Segment Start: Data section

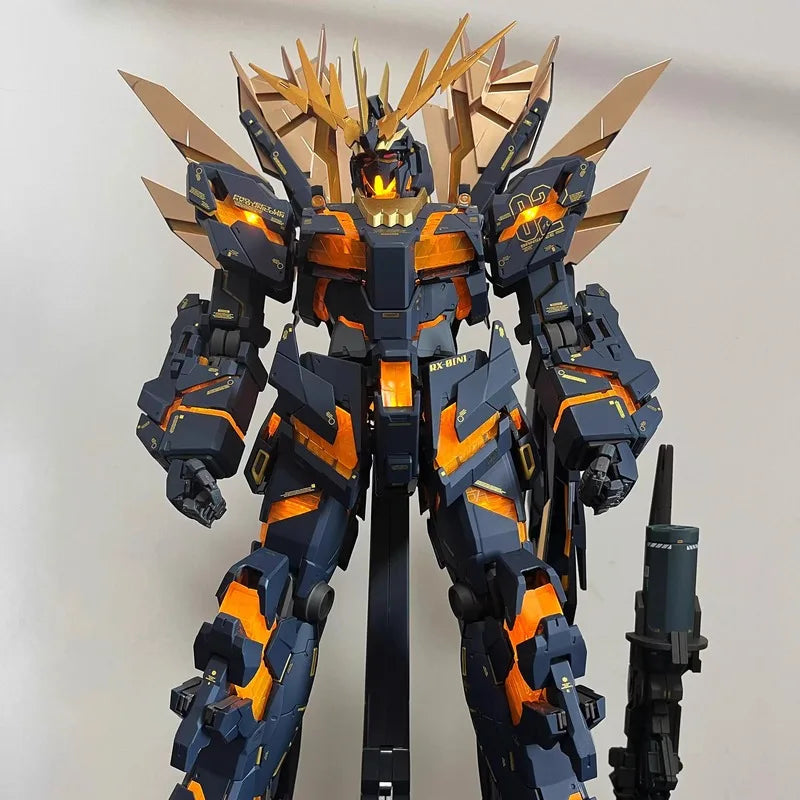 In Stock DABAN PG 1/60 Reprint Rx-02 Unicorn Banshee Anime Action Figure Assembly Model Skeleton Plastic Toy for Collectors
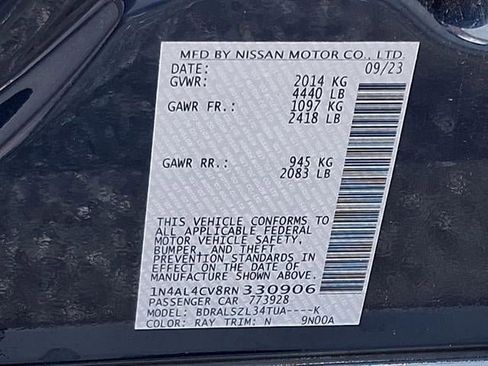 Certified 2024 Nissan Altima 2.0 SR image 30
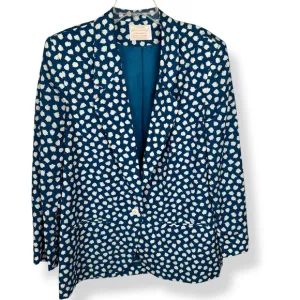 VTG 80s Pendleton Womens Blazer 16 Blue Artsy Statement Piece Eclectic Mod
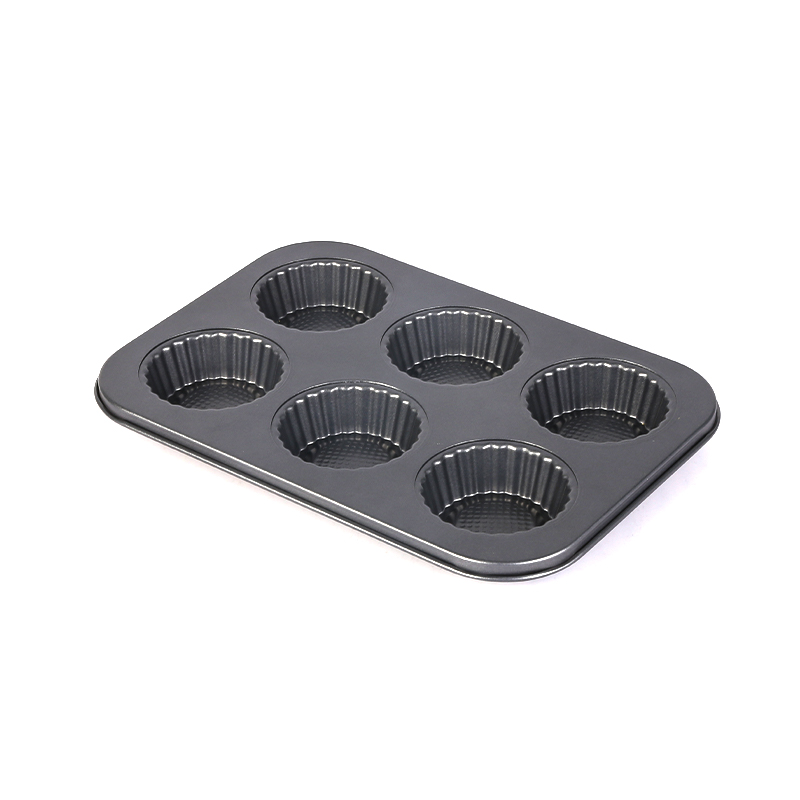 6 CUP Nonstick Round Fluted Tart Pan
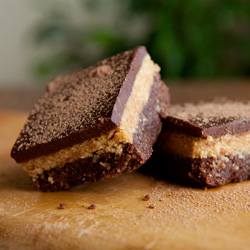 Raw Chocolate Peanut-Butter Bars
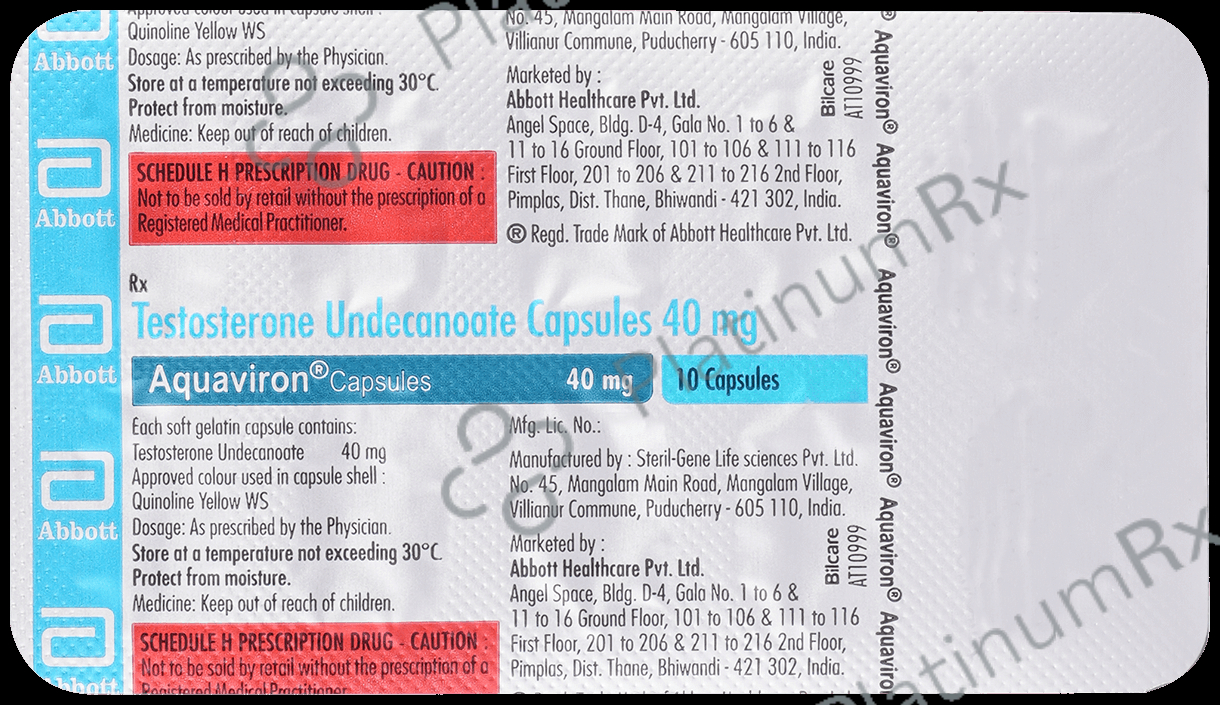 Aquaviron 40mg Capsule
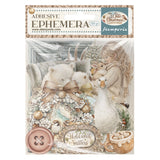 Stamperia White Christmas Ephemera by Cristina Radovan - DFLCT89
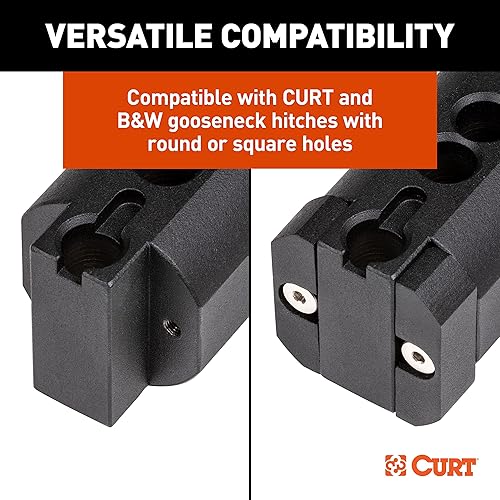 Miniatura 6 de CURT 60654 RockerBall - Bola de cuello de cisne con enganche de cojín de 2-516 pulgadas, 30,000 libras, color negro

Segment End: Data section

- [What is expected] Please write out, word for word, each line from the one with "Stamperia White Christmas" to the last line of the data, keeping both ends and omitting pictures.

- [Completed task]
 Stamperia White Christmas Ephemera by Cristina Radovan - DFLCT89
 Miniatura 6 de CURT 60654 RockerBall - Bola de cuello de cisne con enganche de cojín de 2-516 pulgadas, 30,000 libras, color negro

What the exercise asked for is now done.